I would like the lines below, from the one with "<p>2015 FIAT 500 COLOUR THERAPY</p>" through the one with "Oshkosh EAA Showplane", copied exactly and without any pictures.

[[ Data for the task, beginning ]]

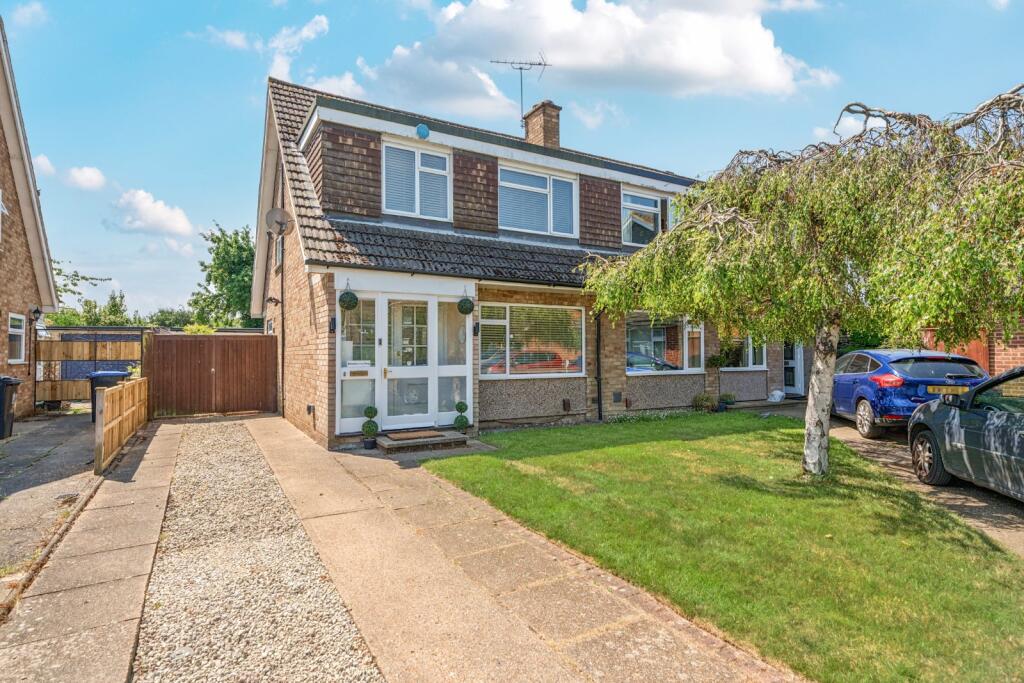 Main image of property: Hag Hill Rise, Taplow, Buckinghamshire, SL6
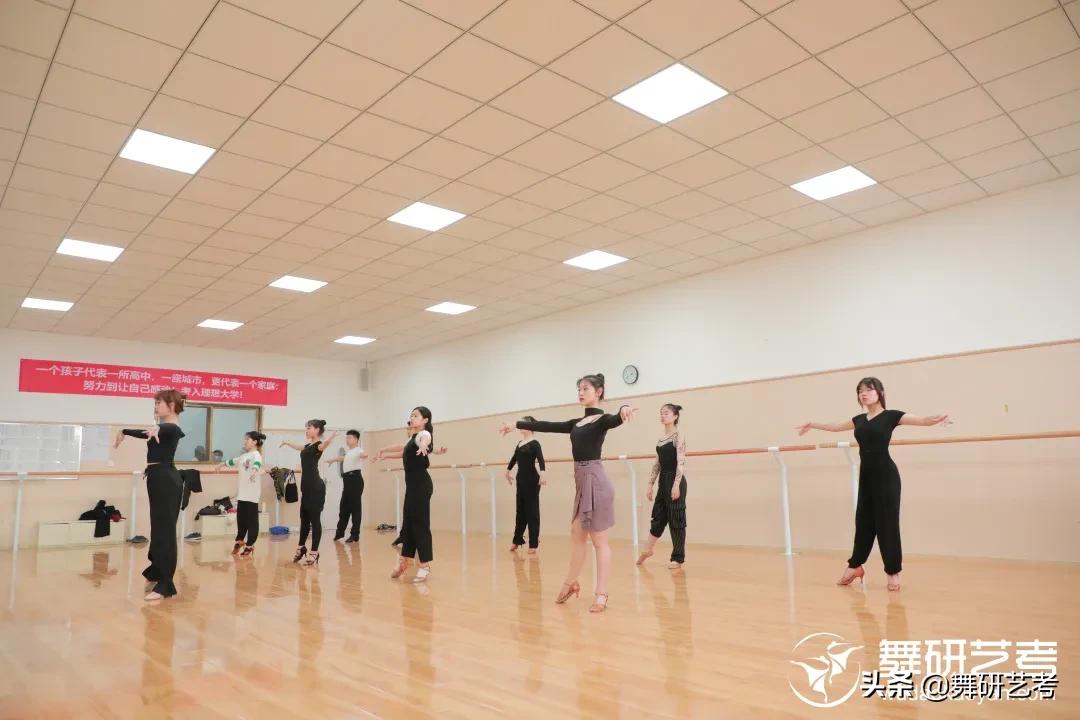 如何选拉丁舞服装6-12岁练功服,拉丁舞初学者服装怎么选择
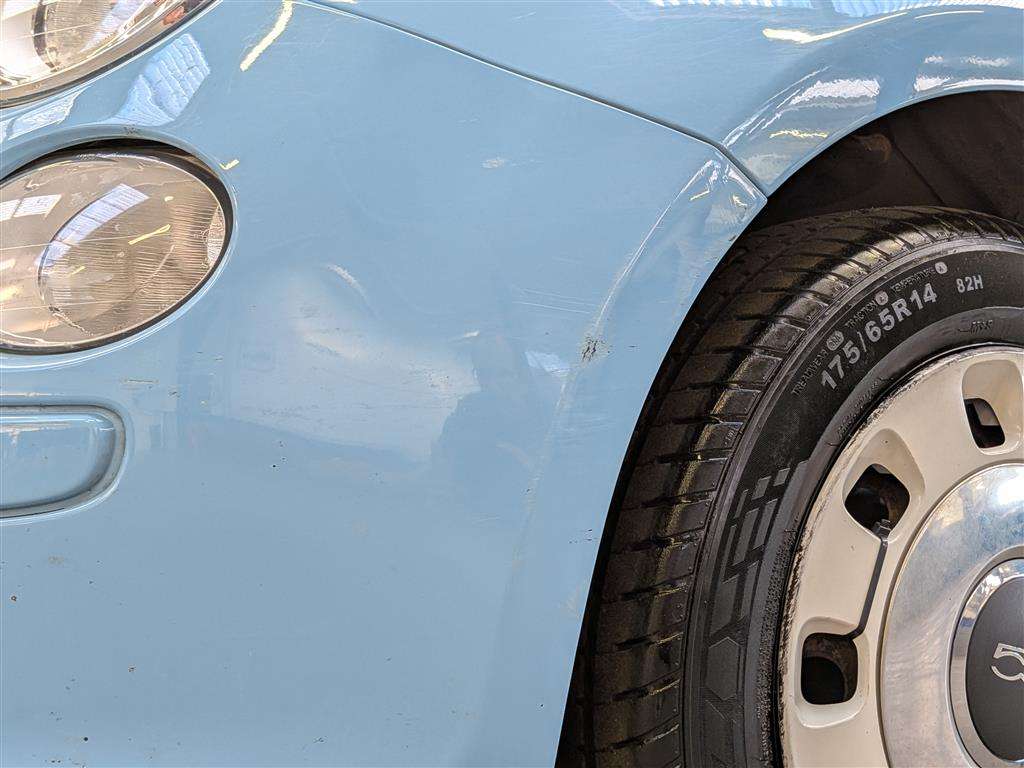 <p>2015 FIAT 500 COLOUR THERAPY</p>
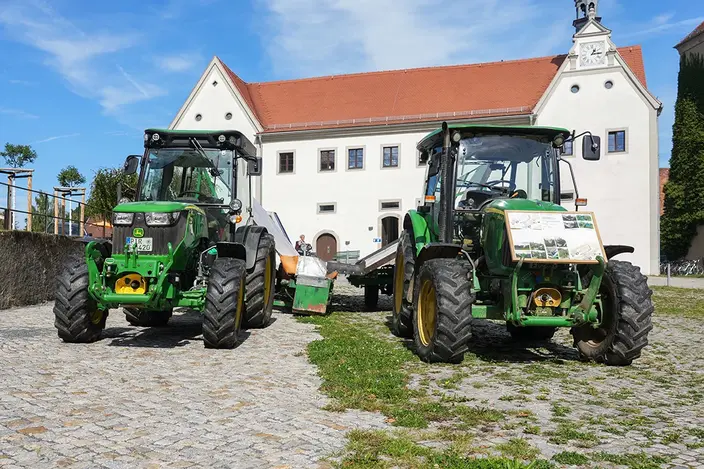 zwei Traktoren auf dem Gut Gamig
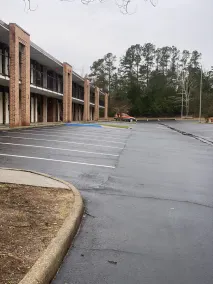 Days Inn by Wyndham Ozark - Image 3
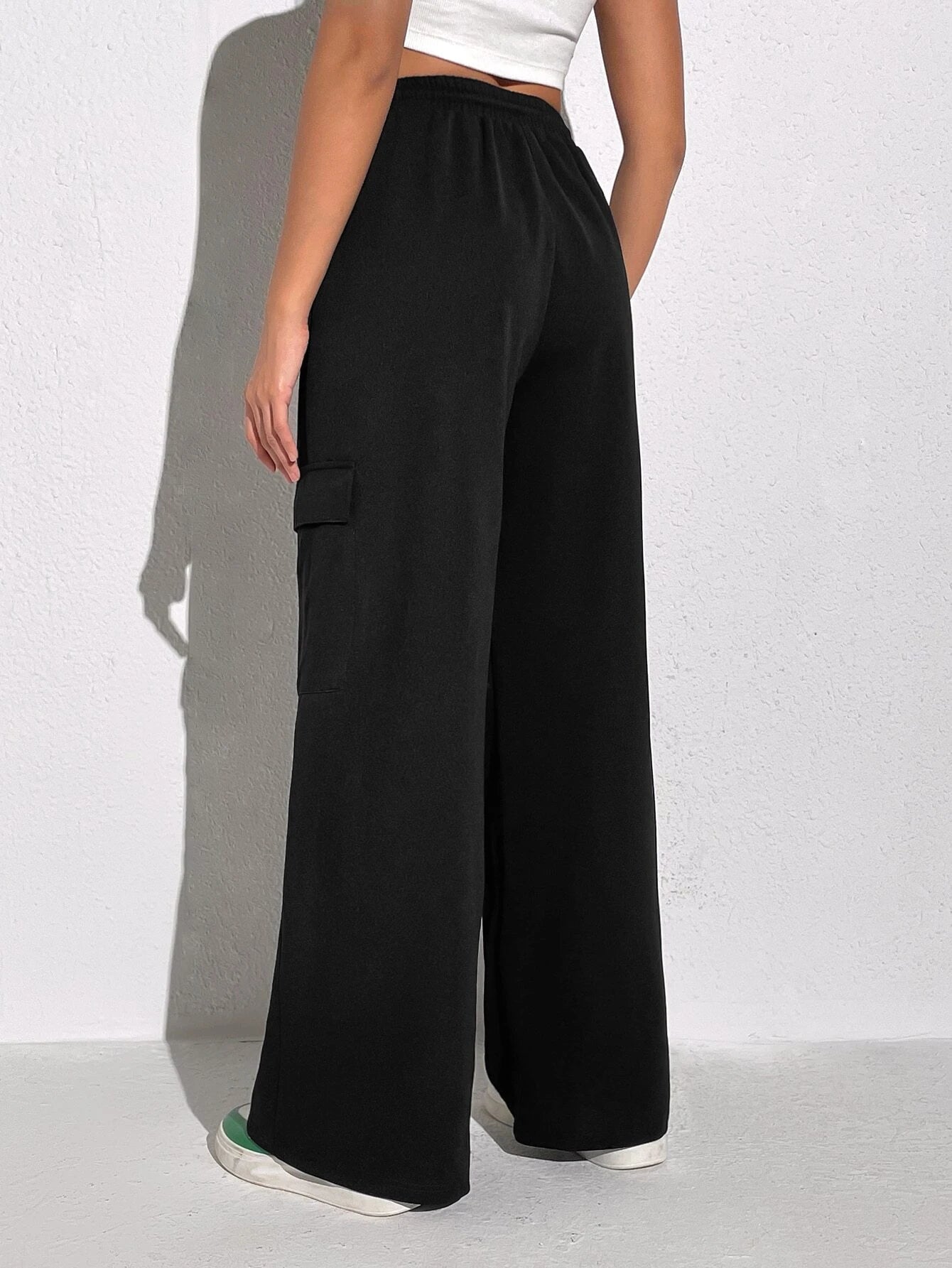 Casual Flap Pocket Cargo Pants Style 2 – side profile view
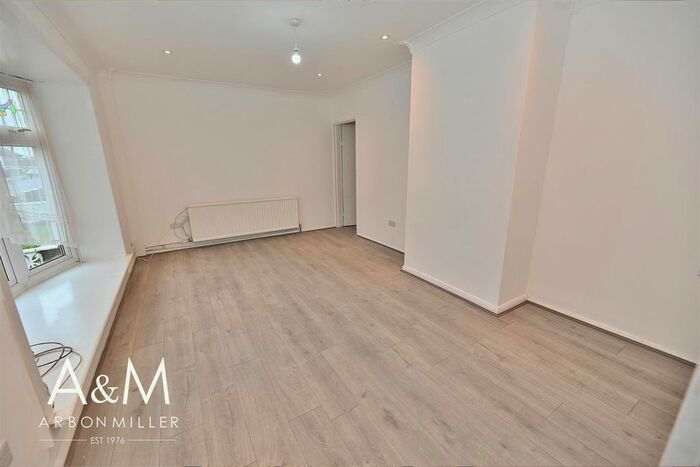 4 Bedroom Semi-Detached House To Rent In Knights Way, Ilford, IG6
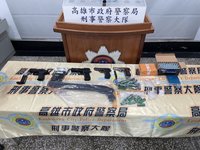 高市警破槍毒案 男持罕見霰彈長槍防黑吃黑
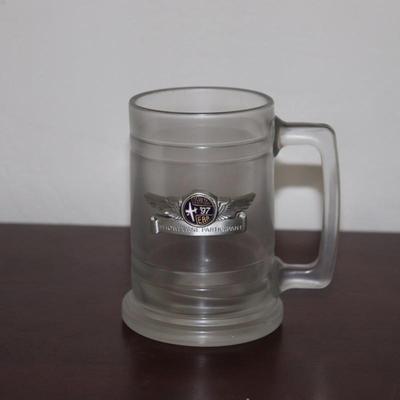 Oshkosh EAA Showplane Participant Glass Stein Mug Pewter Emblem 1993
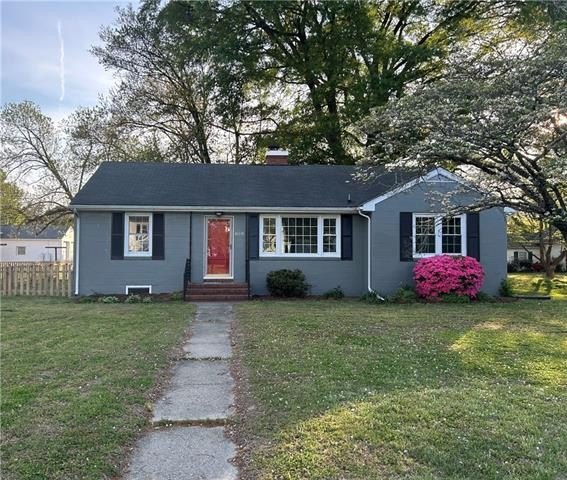 Welcome to this charming 3-bedroom, 1-bath home located in the - Beach Home for sale in Tappahannock, Virginia on Beachhouse.com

[[ Data for the task, end ]]

## Your response
 <p>2015 FIAT 500 COLOUR THERAPY</p>
 zwei Traktoren auf dem Gut Gamig
 Days Inn by Wyndham Ozark - Image 3
 Casual Flap Pocket Cargo Pants Style 2 – side profile view
 4 Bedroom Semi-Detached House To Rent In Knights Way, Ilford, IG6
 高市警破槍毒案 男持罕見霰彈長槍防黑吃黑
 Oshkosh EAA Showplane Participant Glass Stein Mug Pewter Emblem 1993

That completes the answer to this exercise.